ANJO
MUTILADO
Numa noite de um quente verão,
Tive um sonho que se tornou pintura.
Cada vida tinha a sua primavera
E cada primavera, tinha o seu coração.
Vi a primavera, no sítio onde se pendura
As recordações que na vida se espera.
Reparei que um anjo descia do céu
E ao tocar a terra perdeu as suas asas,
Trazendo na mão uma linda esfera.
Dentro da esfera o meu coração e o seu
E nos olhos um correr de águas rasas.
O anjo vinha fugido do céu, onde tudo era triste,
Como triste é a cruz que prendeu o Senhor.
Tornou-se um traquina menino muito alegre,
Como todos os meninos da terra
Deveriam ser, sem conhecer a dor.
Tirou da esfera o meu coração que fundiu com o seu
E então deu-se o milagre.
Tornou-se apenas um menino e entrou dentro de mim.
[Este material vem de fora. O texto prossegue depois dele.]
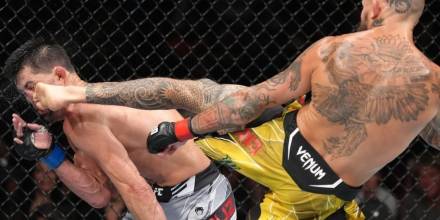 Marlon ‘Chito’ Vera’ logró otra espectacular victoria en la categoría de peso gallo en la UFC. Es su cuarto triunfo consecutivo / Foto: cortesía UFC
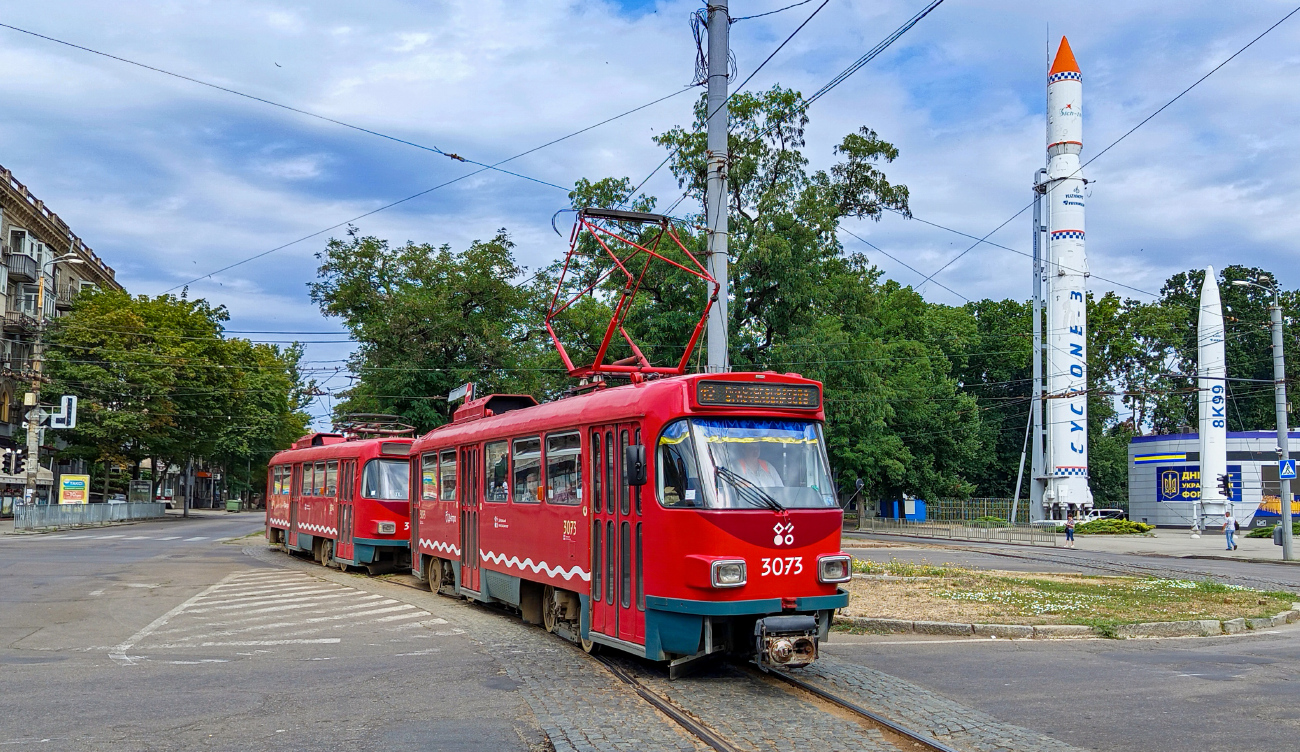 Днепр, Tatra T4D-M1 № 3073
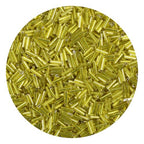 2000Pcs Tube Seed Beads 2x7mm Mini Long Glass Bugle Bead Small Craft Loose Spacer Beads for DIY Phone Charms Waist Bead Bracelets Earrings Necklaces (Lemon Yellow) - color: Lemon Yellow
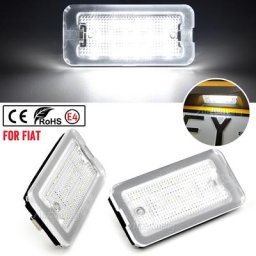 Éclairage de plaque d'immatriculation LED pour Fiat Abarth 500 595 695 500C 595C 695C 312C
Quando se cansa, como qualquer menino, adormece.
Levo-o ao colo e coloco-o na minha cama.
A meio da noite acorda e brinca com os meus sonhos.
Fala-me de livros secretos dos profetas,
Dos pescadores, do peixe e da sua escama;
Dos homens monstros, dos abismos medonhos,
Do triste sonhar dos grandes poetas.
Logo pela manhã, acorda e volta a brincar.
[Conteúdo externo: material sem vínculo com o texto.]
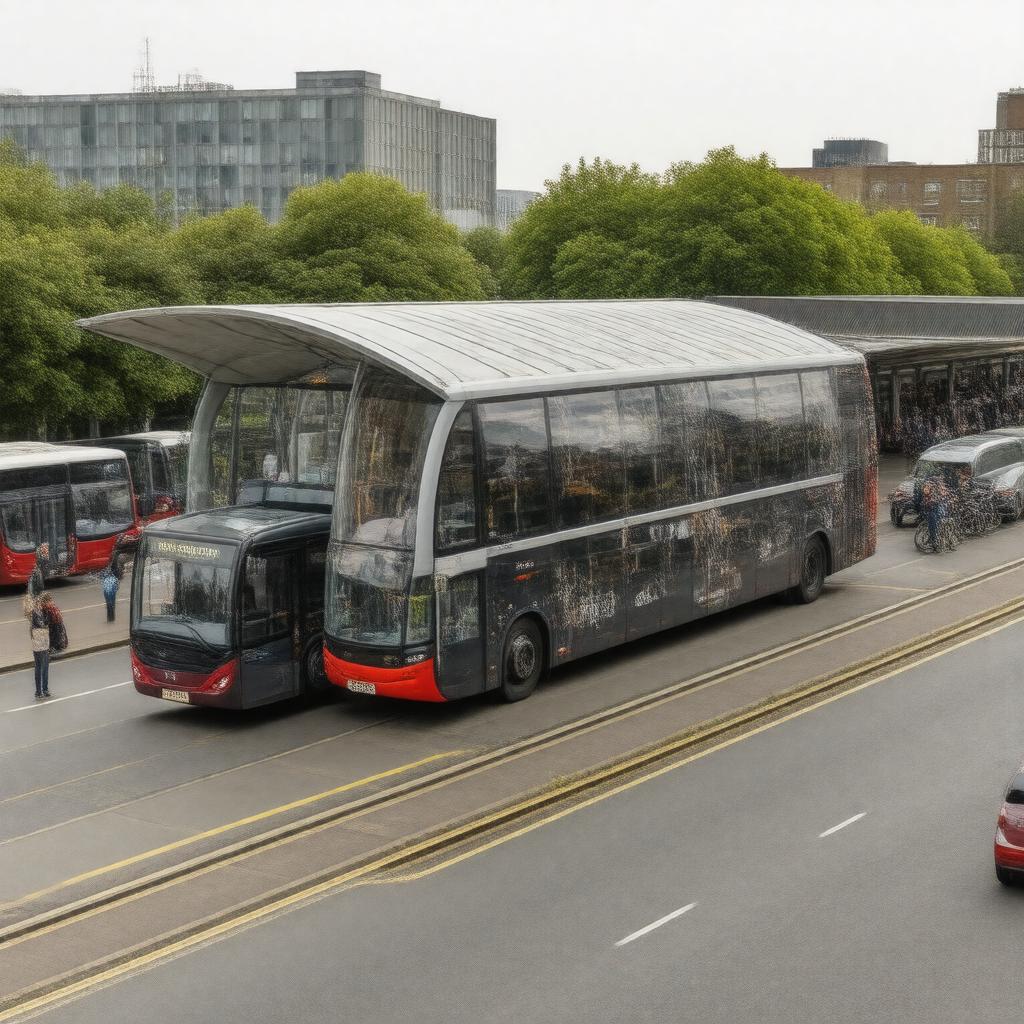 AI-created image of Crystal Palace bus station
Ensina-me como as pequenas coisas são importantes.
As pequenas pedras que encontra pelo chão,
O canto dos pássaros no seu belo trinar,
As maravilhas da Natureza que não via antes
E a mente dos homens, sem a compaixão.
Corre sem se cansar pelo prado,
Rouba fruta nos pomares e apanha flores.
Na minha ansiedade, pergunto-lhe por Deus.
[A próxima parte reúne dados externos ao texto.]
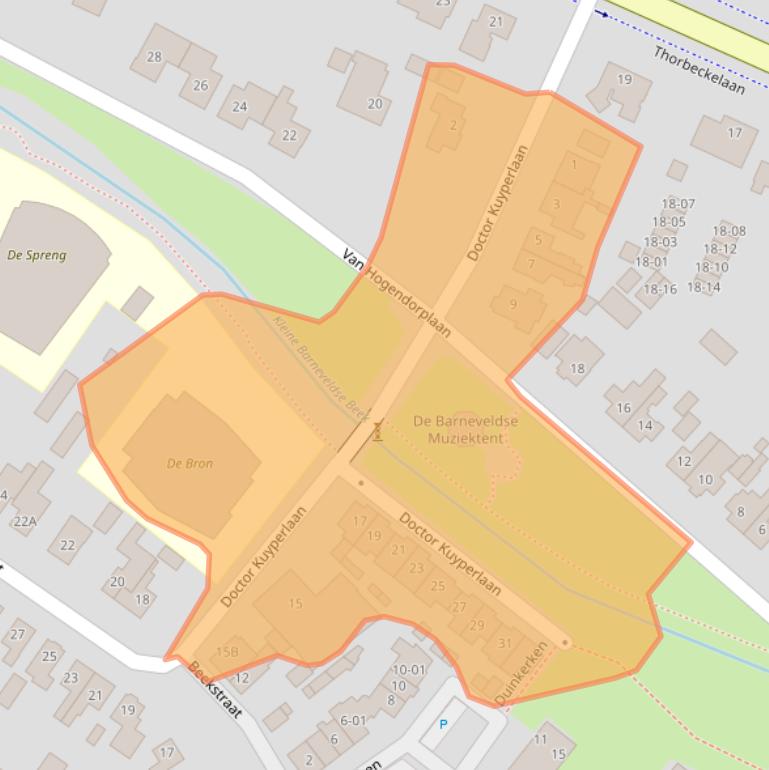 Kaart van postcodegebied 3771CS.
Muito triste, diz-me que nunca o viu!...
Nem sabe se existe!...
Todos estes horrores!...
Do céu, via constantemente o sofrer da humanidade
E resolveu fugir, para mostrar o seu desagrado.
Não sabe a sua idade,
Nem mesmo de quando do céu partiu,
Nem tão pouco, a origem das suas dores.
Vive comigo desde sempre,
E quer continuar a ser sempre criança,
Fazendo da terra o seu eterno céu.
Fala-me com mágoa, da ganância,
Da urgência em libertar da cruz o seu Cristo Senhor,
Proteger da fome, a criança e fazer a mudança
Para acabar neste Mundo, a triste dor.
De repente o sonho muda!...
Vejo os homens soldados com as suas armas,
Crianças sem terem força para brincar,
A humanidade com todos os seus “carmas”
Sem ter já forças para lutar.
Crianças a morrerem de fome,
Homens a matarem por prazer,
A vil doença que nos consome,
Entre os homens, o amor a desaparecer.
Dos olhos do anjo, um rio de sangue corre…
Inunda a terra com a sua cor escarlate
E o anjo na sua agonia, morre,
Agarrado a uma criança, com pele da cor do chocolate.
O meu acordar é medonho…
Ao meu lado o anjinho abraça-me e diz: - Bom seria se fosse
sonho…
Mas é um pesadelo, respondeu por fim
E ainda a chorar, refugiou-se dentro de mim.